Ng611 (talk) 20:12, 24 May 2018 (BST) Time-resolved IR is an interesting choice. What would you expect to see?
Question 5
"Discuss how the distribution of energy between different modes (translation and vibration) affect the efficiency of the reaction, and how this is influenced by the position of the transition state."
Polanyi rules assert that "vibrational energy is more efficinet in promoting a late-barrier reaction than translational energy."
[Ref. Z. Zhang, et al, J. Phys. Chem. Lett., 2012, 3 (23), pp 3416–3419]

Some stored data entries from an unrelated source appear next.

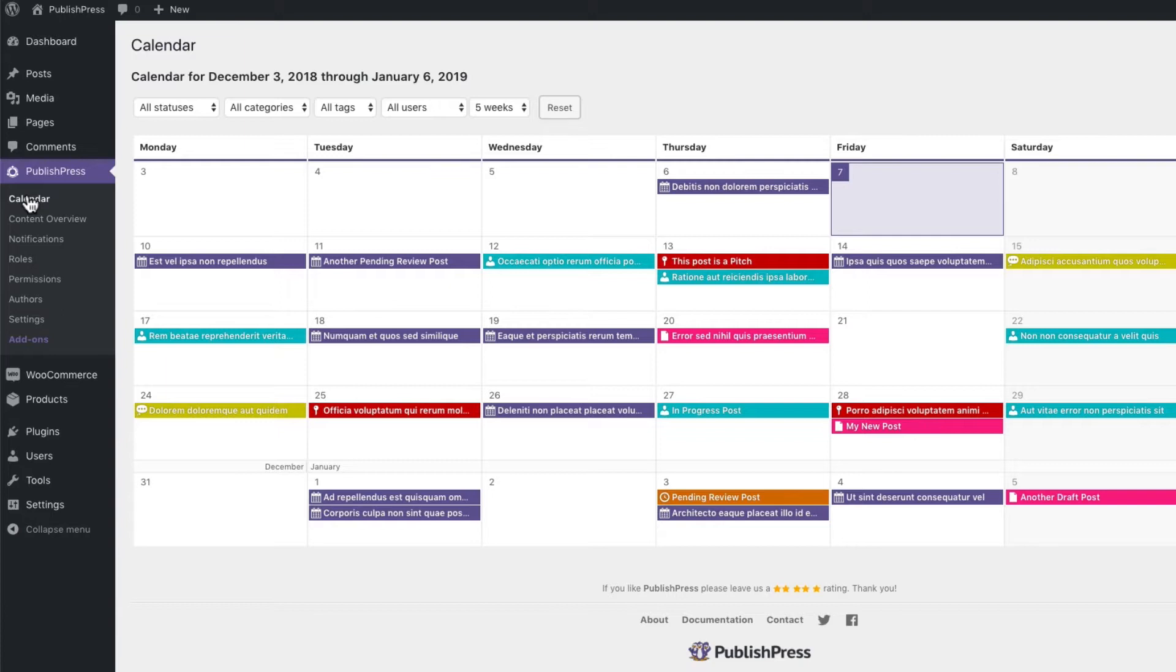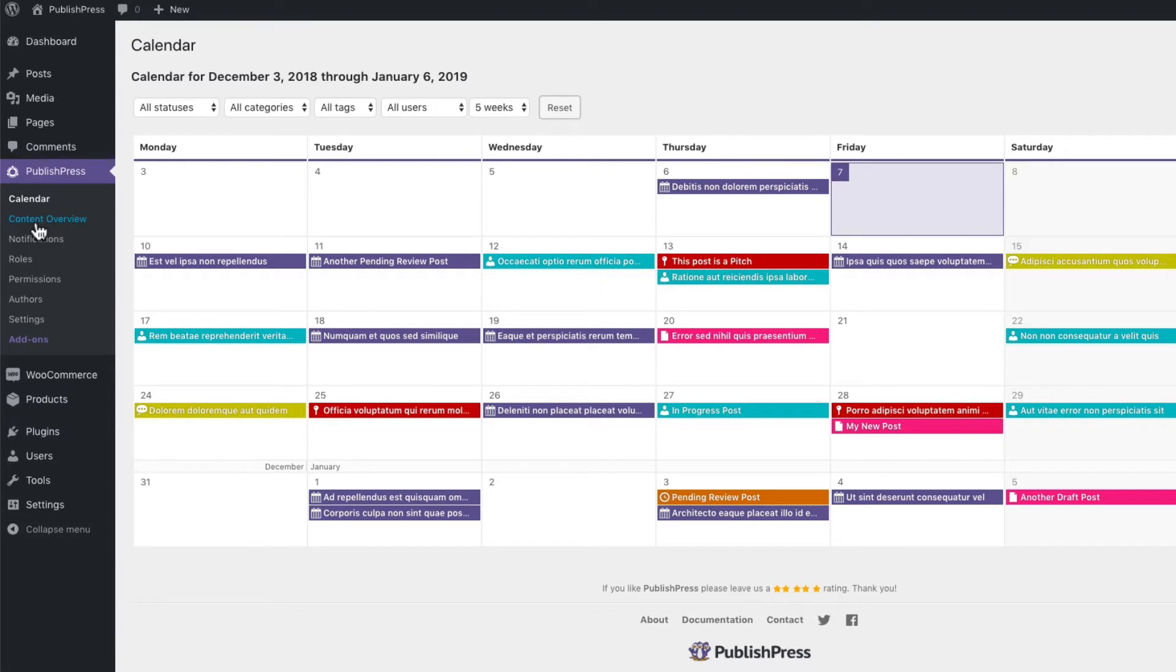you'll see a calendar, you'll see an overview screen for your content, you'll have user roles and custom statuses. But it'll be a little more polished, a little more bug free after some updates have been made.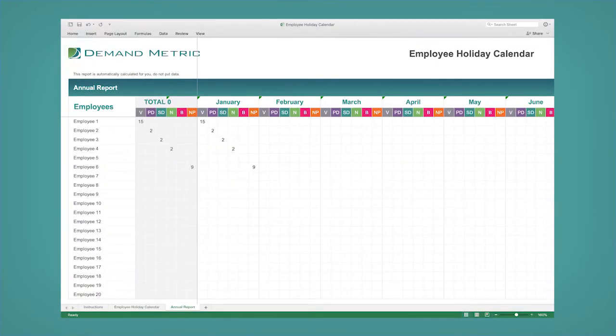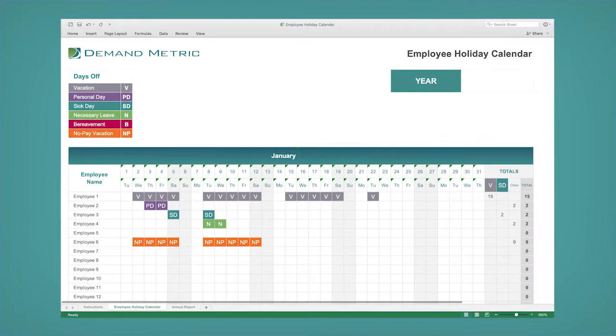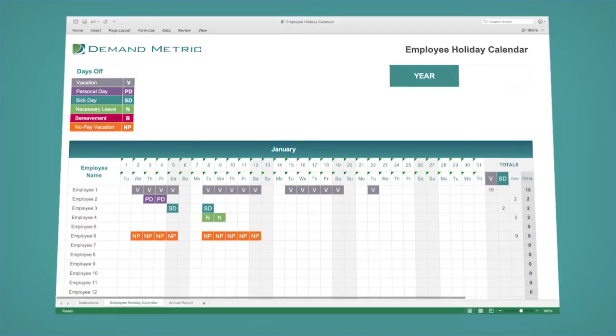The employee holiday calendar lets you quickly track and document all days off for employees in an easy color-coded format that you can share with your team. No worrying about wasting needless time on formatting — the employee holiday calendar will help you get it done.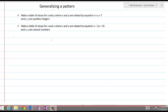Generalizing a Pattern. Here we are going to solve two questions. The first question is: make a table of values for x and y, where x and y are related by the equation x plus y equals 7, and x and y are positive integers. Whenever you have a statement like this, or a word problem, or any mathematical problem, always separate what is given and what is required of you.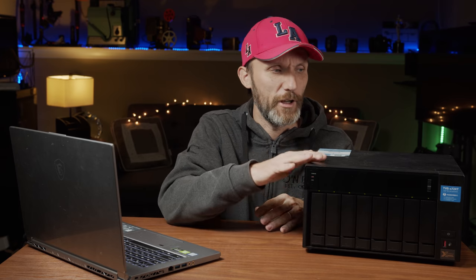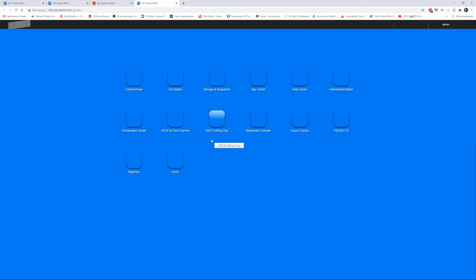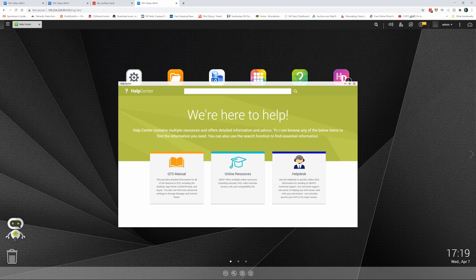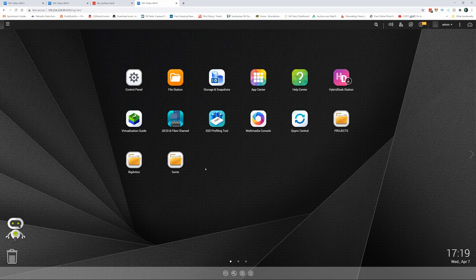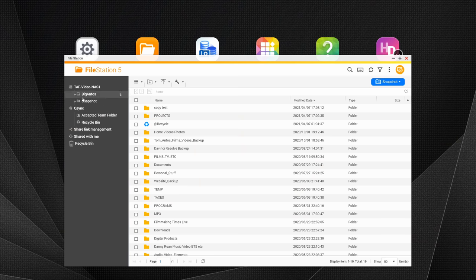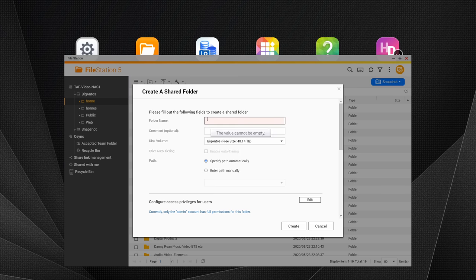What I like about QNAP is they make it fairly easy to set up. There's a little sticker on top that tells you where to go — connect it to your network, go to a certain web address in your browser, set up your account, username, RAID configuration, and shared folders. But once you have it configured, the challenge is getting it to work on a budget in a small home studio like mine.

As we have seen, the F + H2 reaction has a very early transition state. This means, according to Hammond's Postulate, that the transition state closely resembles the reactants. As a result, any increase in the vibrational energy of the H-H bond will not necessarily increase the likeliness of a reaction being successful (as can be seen in the table below).

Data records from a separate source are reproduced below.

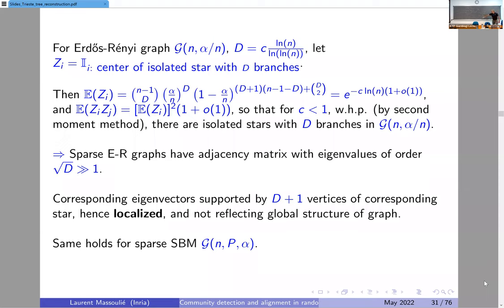If you have those two things, you can invoke the second moment method to prove that the number of such objects goes to infinity with high probability, using an inequality to show that with high probability you have many such objects. In this setting we have such objects in the graph. If you think of the adjacency matrix, this will produce the Perron–Frobenius eigenvalue of the corresponding star subgraph — an easy computation — which is given by the square root of the number of branches.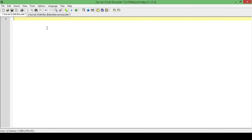Hello, this is Hellbent and welcome to tutorial 3 in the GUI series for AutoHotKey. In this tutorial, or over the next couple of tutorials, we're going to be looking at adding in the edit box and all the different things that we can do with it — adding variables to it, updating its values, changing its background color, positioning it, a whole bunch of things.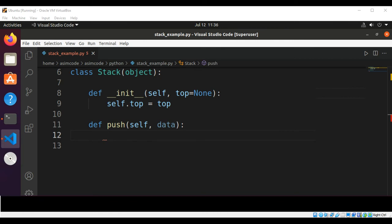Now we are going to define the push method. In our push method we are going to create a new node with the value, set the node's next to top, and set top to node. So self.top is set to new_node.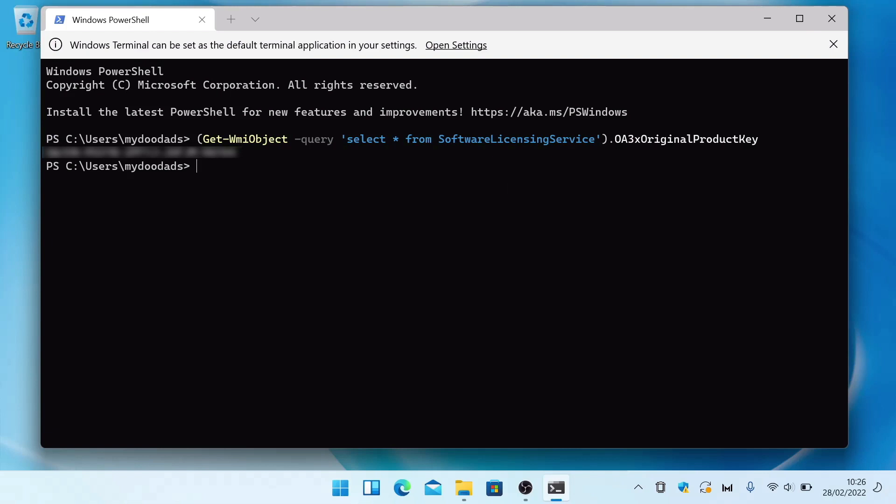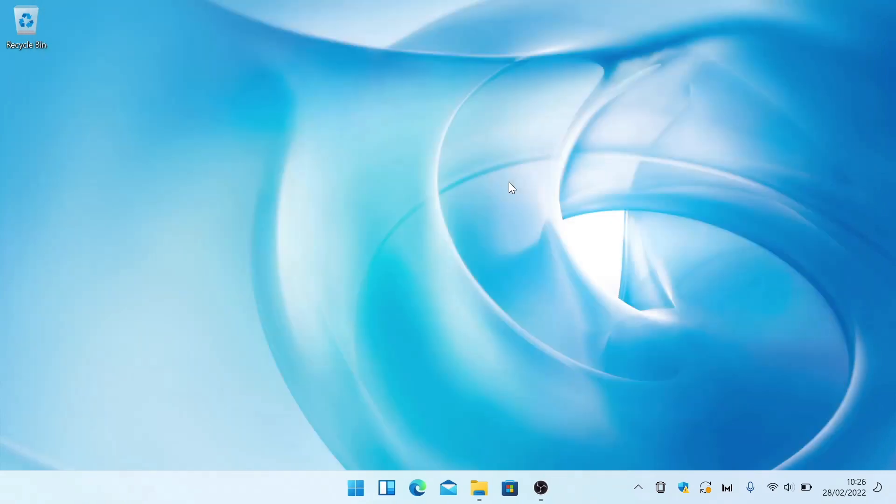Then once we've made a note of the product key, if we type exit, when we press enter on our keyboard, the terminal window will close.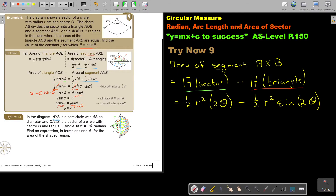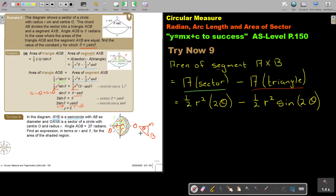Now I need to work out the area of the semicircle, so I need its radius. Since this is an isosceles triangle with the full angle 2 theta at O, a line from O to the midpoint M of AB bisects the angle, giving angle theta. Using trigonometry with hypotenuse R, sin theta equals MB over R, so MB equals R sin theta. MB is the radius of the semicircle.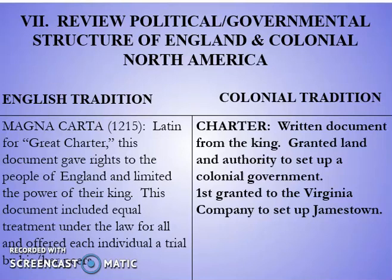Now let's take a look at Roman numeral seven, a review of England versus colonial America. We'll compare the English tradition to the colonial tradition, looking at the political and governmental structure of the two in comparison.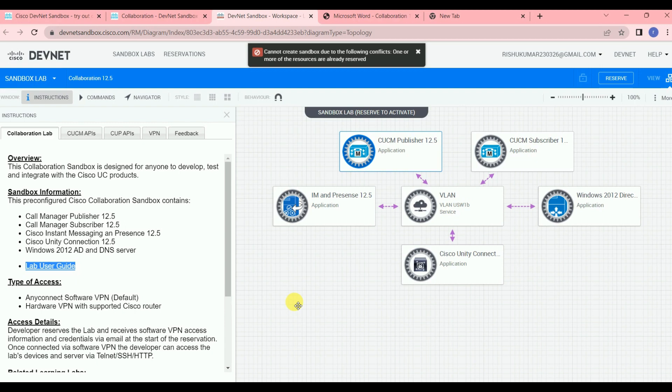Whenever you want to do the lab again, just follow the same procedure — go to that link, log in with your credentials, and click Reserve. If the lab is available they'll reserve it for you; if not, they'll give you the next available time slot so you can schedule it. Thanks for watching — if you like this, please don't forget to subscribe and share.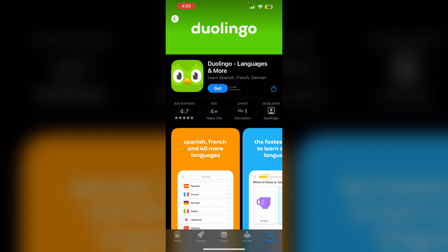You'll see options including monthly, yearly, and family plans. Select your desired Duolingo Max plan and confirm the upgrade. Then reload the Duolingo app and you should see the Duolingo Max icon in the top right corner.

A reaction starting from: rHH = 0.74 A, rHF = 2.0, pFH = -0.5 was undertaken, with varying momenta values of pHH
| pHH | Energy (Kcal/mol) | Plot | Explanation |
|---|---|---|---|
| -3 | -96.159 |  |
The contour plot shows an unreactive trajectory, with the H2 molecule hitting the F atom with too much energy and ricocheting off back down the reactant channel. |
| -2 | -100.659 |  |
The contour plot shows a reactive trajectory, with the trajectory leading through the reactant channel to the transition state region and out through the product channel. |
| -1 | -103.159 |  |
The contour plot shows an unreactive trajectory, with the trajectory crossing the transition state region but then recrossing after entering the product channel at an unfavourable angle. As a result, the reaction leads back to the reactant channel. |
| 0 | -103.659 |  |
The contour plot shows a reactive trajectory. It leads through from the reactants channel over the transition state region. It then recrosses several times before eventually leading to the product channel. |
| 1 | -102.159 |  |
The contour plot shows a reactive trajectory. Again, it leads through from the reactants channel over the transition state region. It recrosses several times before eventually leading to the product channel. |
| 2 | -98.659 |  |
The contour plot shows another reactive trajectory. Again, it leads through from the reactants channel over the transition state region. It recrosses several times before eventually leading to the product channel. |
| 3 | -93.159 |  |
The contour plot shows an unreactive trajectory. Again, it leads through from the reactants channel over the transition state region but very quickly recrosses, leading back down the reactant channel. |
Thus, it can be seen that increasing the momentum of H-H does not necessarily increase the likelihood of a successful reaction. Thus, translation energy will be the bigger factor.
Conversely, the FH + H reaction has a late transition state, again implying that it more closely resembles the products (which one would expect from a reversible reaction!). Hence, the Polanyi rules suggest that increasing the vibrational energy will be a more efficient driving force than translational energy. This can be seen in the two contour plots below:
Translational Energy Increased:
Ng611 (talk) 20:15, 24 May 2018 (BST) This really is an excessive amount of translational energy!
Vibrational Energy Increased:
Here it took a value of -12 units of momentum in translational energy to result in a reactive trajectory (ie; a fast moving H atom colliding with the HF molecule to react). As predicted, it only took -10 units of momentum in vibrational energy to result in a reactive trajectory (ie; increasing the vibrational energy of the HF bond, while keeping the speed of the approaching H atom to a minimum, leading to a high energy species that is easier to react with). Thus, the in silico reaction proved the Polanyi rules.
Ng611 (talk) 20:15, 24 May 2018 (BST) Good! Remember that polanyi's rules are 'guidelines', rather than concrete rules. Overall, a good report!